This bug is a masterpiece and you owe it to yourself to read this. So much effort for such a situational bug, it's heartbreakingly beautiful.

https://www.qualys.com/2023/07/19/cve-2023-38408/rce-openssh-forwarded-ssh-agent.txt

The key to it: OpenSSH will open and close dylibs in response to the agent protocol, because that's how it implements smart cards.

Then: ELF lets you mark functions in your dylib that get invoked on open (__attribute__(constructor)) and close (destructor).
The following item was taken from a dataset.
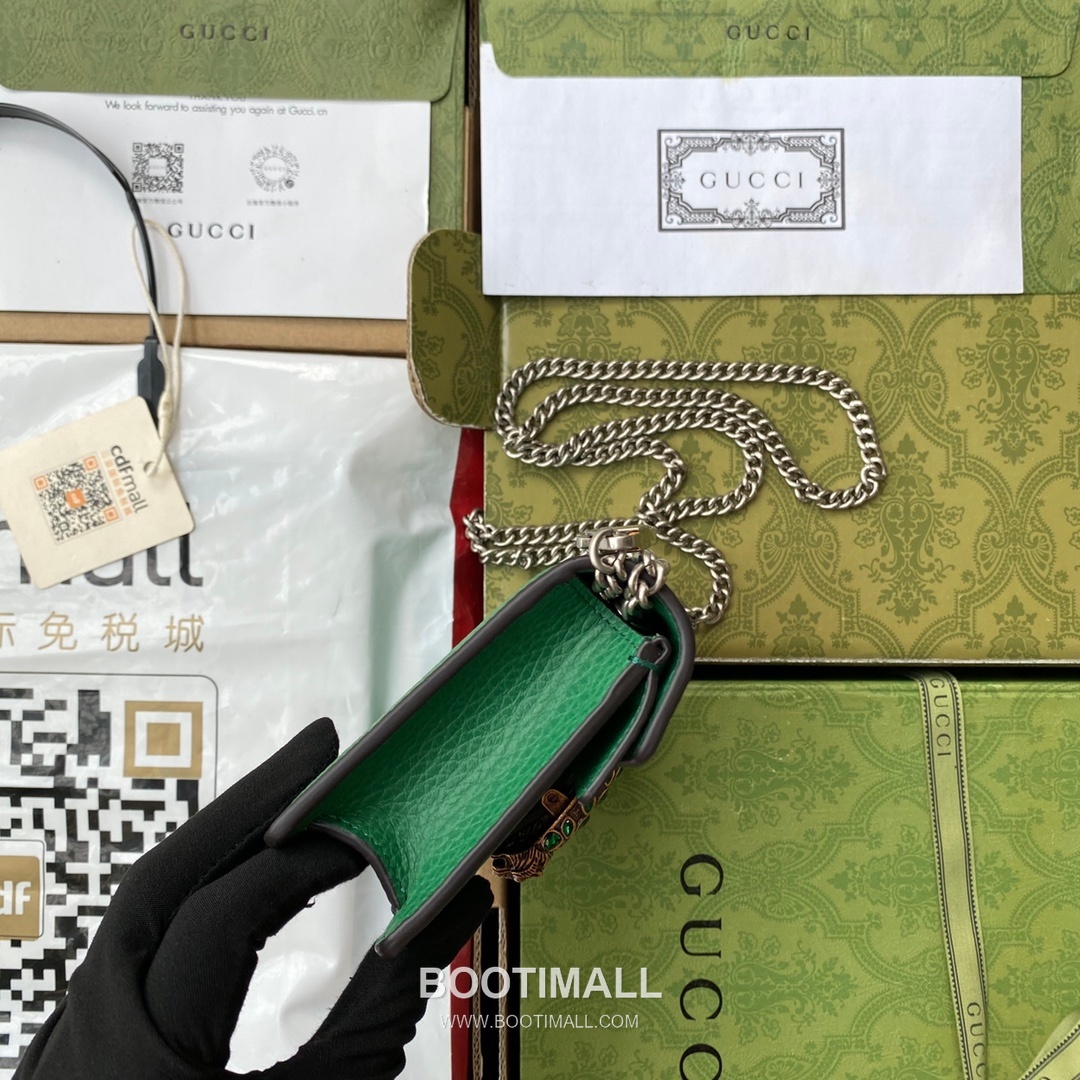 Gucci Dionysus GG Supreme Mini 476432 GG Canvas Shoulder Bag 구찌 디오니서스 GG 수프림 미니 476432 캔버스 숄더백 16.5cm 13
Finally: lots of libraries in /usr/lib have constructors with side effects (like registering system call handlers that don't get unregistered because they're never expected to be unloaded, or invoking system call handlers by crashing when you randomly load them). So: UAF primitive.

There's like several thousand words of exposition about how they found the right sequence of opens and closes to set up a signal handler, groom the address space, set the stack executable (another dlopen side effect!), and trigger the signal.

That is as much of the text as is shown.